Нужное им скопище было расположено, очевидно, в более жаркой части этой планеты под морем. В сопровождении духов, похожих на мохнатых собак с красной шерстью, в ту сторону направлялись неприкаянные души мужчин и женщин, детей и одушевленных программ. Место их заключения ужасно воняло, несчастные сидели по пояс в нечистотах, по ним ползали насекомые и паразиты, а сгрудившиеся вокруг белолицые дикари в звериных шкурах с хохотом кололи их вилами.
– Пару дней назад у нас протекли черные цистерны, – извиняющимся тоном сказал Молох. – Антисанитария жуткая, обычно такого не случается.

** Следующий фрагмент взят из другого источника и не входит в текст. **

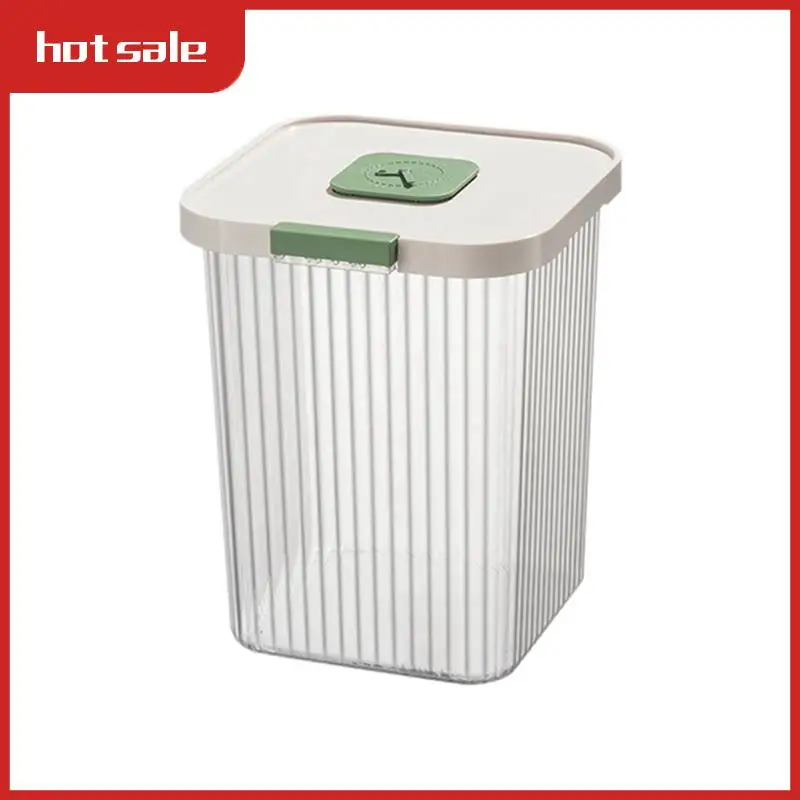

A52I-Moisture Proof Insect Proof Rice Box Grain Sealed Jar Kitchen Container Bucket Storage Pet Food Box With Lid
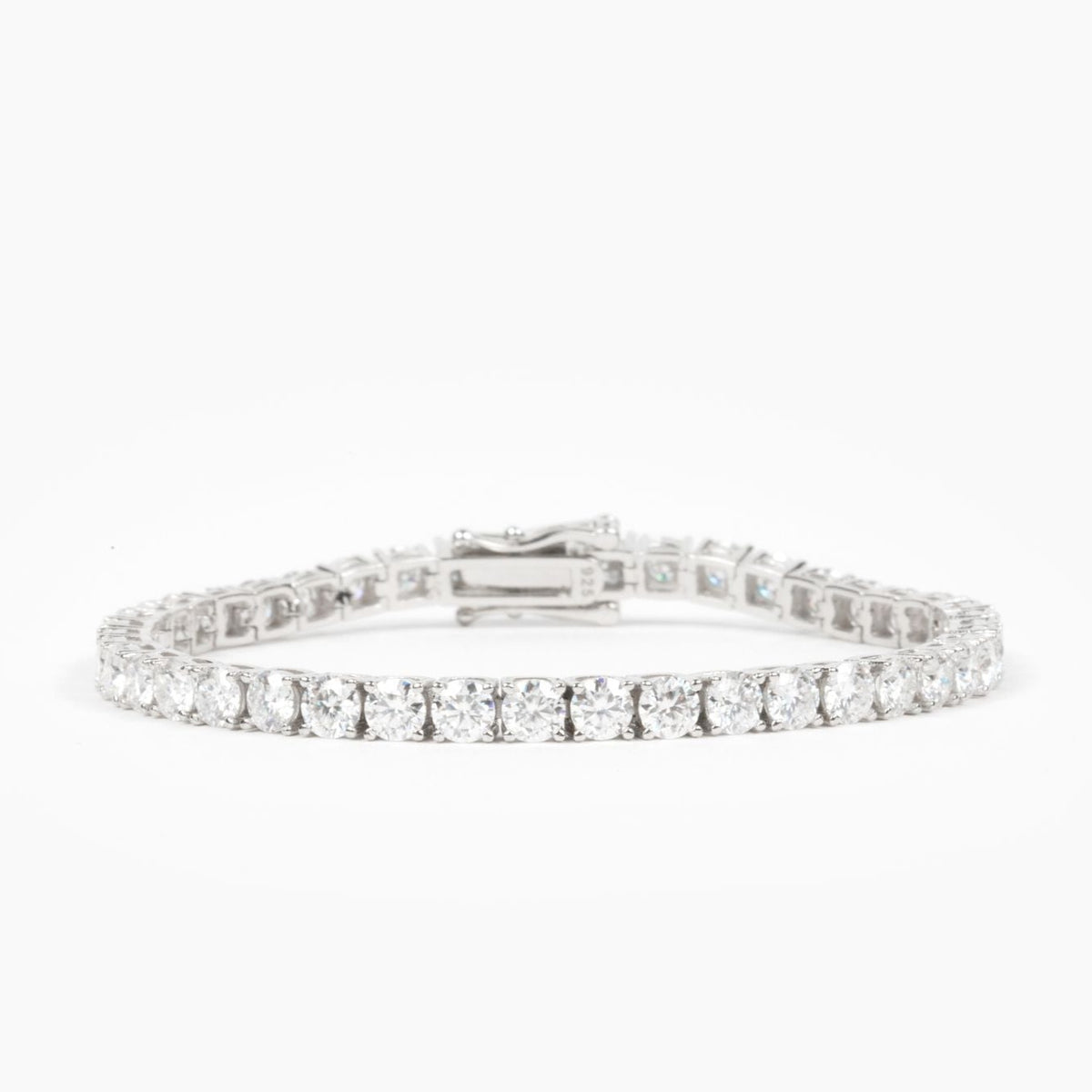 Mae 4mm Round Tennis Bracelet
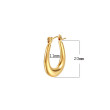 Visací náušnice zlaté z chirurgické oceli WJHE1102GD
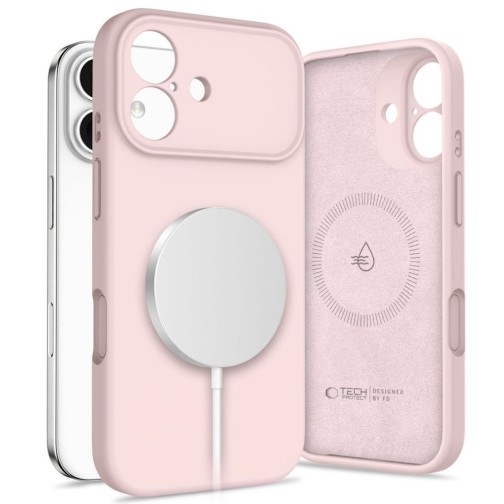 Tech-Protect Silicone MagSafe iPhone 17 case - Pink Pearl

Перед тем, как войти туда, они миновали еще один глубокий разлом – внизу плясало голубоватыми огоньками колдовское пламя, а душами ведали мускулистые силачи, передвигающиеся на вывернутых назад ногах с конскими копытами. Заключенным перевязывали крепкими веревками горло, руки и ноги, кололи штыками бока, клещами сжимали сердце и печень, маленькими кусочками вырезали сердца, били по коленям, выкалывали глаза и сдирали кожу. Даже смотреть на это было больно.
– Зачем? – спросил Доктор.
– Они уже посмотрели в зеркало зла, – сказал Молох. – Такова процедура. Это лишь отражение того, что творили они сами в течение своих материальных жизней. Теперь оно просто возвращается к ним. Здесь нет ничьей вины и ничьей мести, а колесо кармы было установлено задолго до того, как этот мир вообще появился на орбите.
Это случилось, когда они уже приблизились к Желтому источнику, где располагалась цель их путешествия – дорога дала слабину и выпустила на поверхность несколько десятков душ. Они выглядели черными сгустками измученной пустоты, полной криков, жалоб и ненависти – и они с воем понеслись к Доктору и Молоху, вытягивая на лету длинные когти и сверкая желтыми топазами глаз.
Камень на маске Доктора засиял ослепительным красным цветом.
Молох, размахнувшись, отсек гигантским алмазным боевым серпом головы у полудюжины нападавших, но остальные, улюлюкая, навалились на него грязной визжащей кучей. На долю Доктора осталось три тени побольше.
– Мне нужно пройти, – сказал он и заметил, что его голос звучал так же, как и всегда, холодно и отстраненно. – Между нами нет вражды, и я не желаю вам смерти, но мне нужно пройти.
Тени не ответили. Они принялись расти. Доктор звякнул оловянным переключателем мощности своего энергостека.